Nous ne possédions que peu d’argent et un voyage périlleux nous attendait, mais ma femme et moi savions que nous devions être scellés au temple.
En octobre 1979, le lendemain de notre cérémonie de mariage civil, ma femme, Maria Ondina, et moi sommes partis en bus d’Arequipa (Pérou), la ville où nous habitions sur les rivages de l’océan Pacifique, afin de nous rendre au temple de São Paulo (Brésil) pour y être scellés. Nous étions le premier couple d’Arequipa à voyager par voie de terre pour être scellé dans le temple nouvellement consacré, le premier construit en Amérique du Sud. Nous avions prévu de faire le voyage aller-retour en dix jours mais, au final, cela nous a pris près de trente jours en raison d’un climat politique dangereux.
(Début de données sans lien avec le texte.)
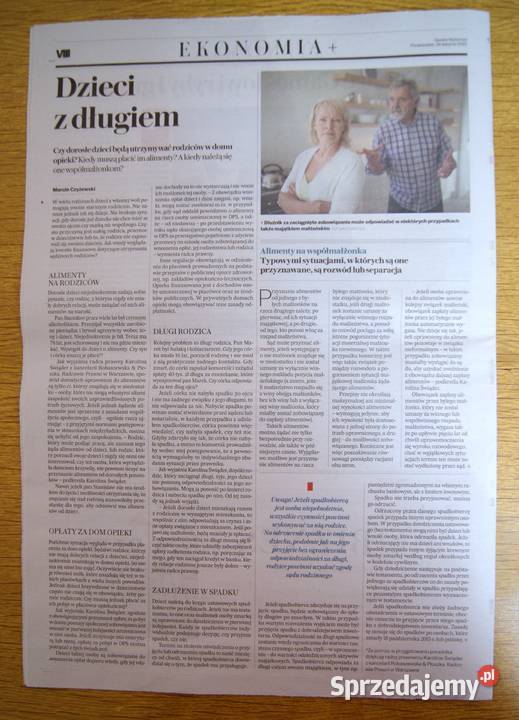 Ekonomia 4 Gazeta Wyborcza Parczew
Je ne savais pas comment cela se passerait, tout ce que je savais, c’était que j’avais promis à Dieu qu’après ma mission je me marierais au temple avec une femme digne.
D’Arequipa à Juliaca puis à Puno
Après un trajet de nuit de neuf heures, nous sommes arrivés à Juliaca (Pérou). C’était un mardi, et il fallait encore que nous fassions tamponner nos passeports et que nous obtenions des permis de sortie du territoire pour pouvoir quitter le pays. Le lendemain étant un jour de fête nationale, les bureaux seraient fermés pour le reste de la semaine. Nous avons donc commencé à faire la queue à la « Banque de la Nation » ce matin-là pour être sûrs d’avoir suffisamment de temps avant la fermeture des bureaux à midi.
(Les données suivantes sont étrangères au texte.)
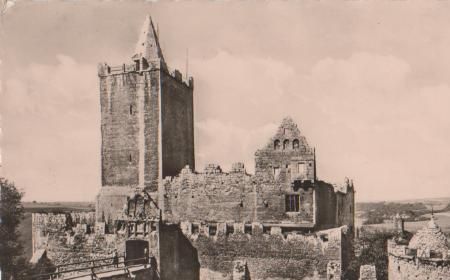 Bad Kösen - Rudelsburg - 1961 Bad Kösen - Rudelsburg - 1961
Lorsque nous avons finalement atteint le guichet à onze heures, le préposé a manifesté de l’inquiétude. « Je suis désolé », a-t-il dit. « Nous ne traitons pas ce genre de documents ici. Vous devrez vous rendre à notre bureau à Puno. » Nous étions à la fois surpris et frustrés : Puno se trouvait à quarante-cinq minutes de là.
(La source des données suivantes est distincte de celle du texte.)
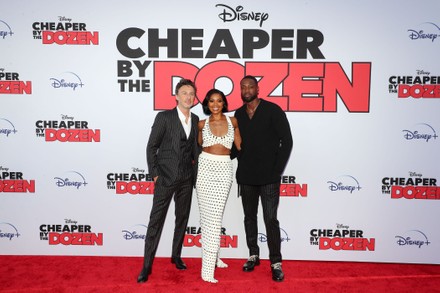 'Cheaper By The Dozen' film premiere, Los Angeles, California, USA - 16 Mar 2022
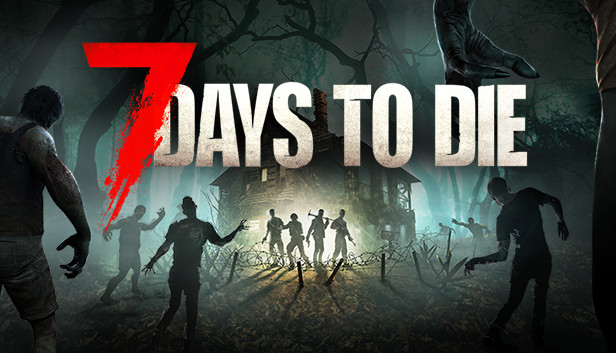 7 Days to die  Logo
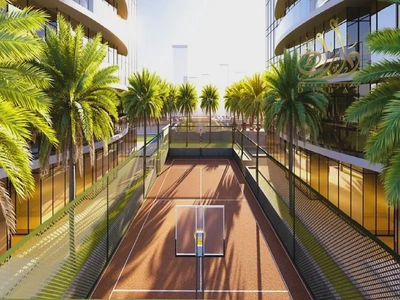 FURNISHED | OPEN CITY VIEW | 10% DISCOUNT | 10%ROI-5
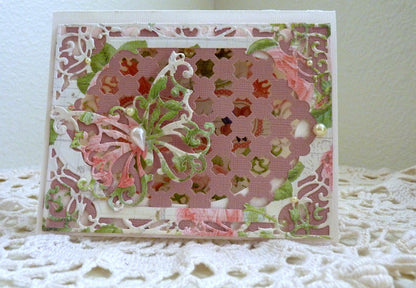 Suaje de Corte de Mariposa Extravagante / Outrageous Butterfly Descontinuado Spellbinders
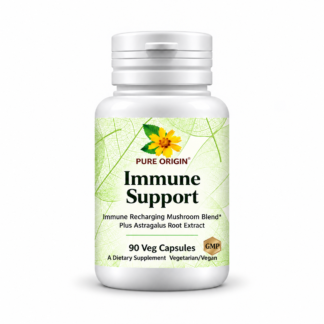 加強抵抗力(Immune)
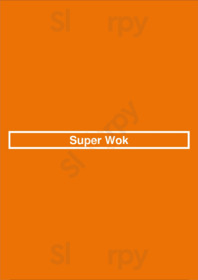 Super Wok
De Puno à La Paz puis à Cochabamba
Après avoir difficilement trouvé un taxi, nous sommes arrivés au bureau de Puno vers treize heures trente. Les portes étaient déjà fermées. J’ai saisi les heurtoirs en fer et j’ai frappé de toutes mes forces. Un homme, très énervé, a ouvert et a demandé : « Que voulez-vous ? » J’ai fait une prière fervente en silence et j’ai regardé l’inconnu droit dans les yeux. « Monsieur », ai-je dit, « je suis mormon, je vais me marier au temple de São Paulo au Brésil, et vous pouvez m’aider. » Son attitude hostile a changé. « Je suis vraiment désolé, a-t-il répondu, mais tout a fermé il y a plus d’une heure et presque tout le monde est déjà parti. » Je lui ai demandé : « Laissez-moi entrer et permettez que mon Dieu m’aide à trouver ce que je cherche. » Il m’a laissé entrer.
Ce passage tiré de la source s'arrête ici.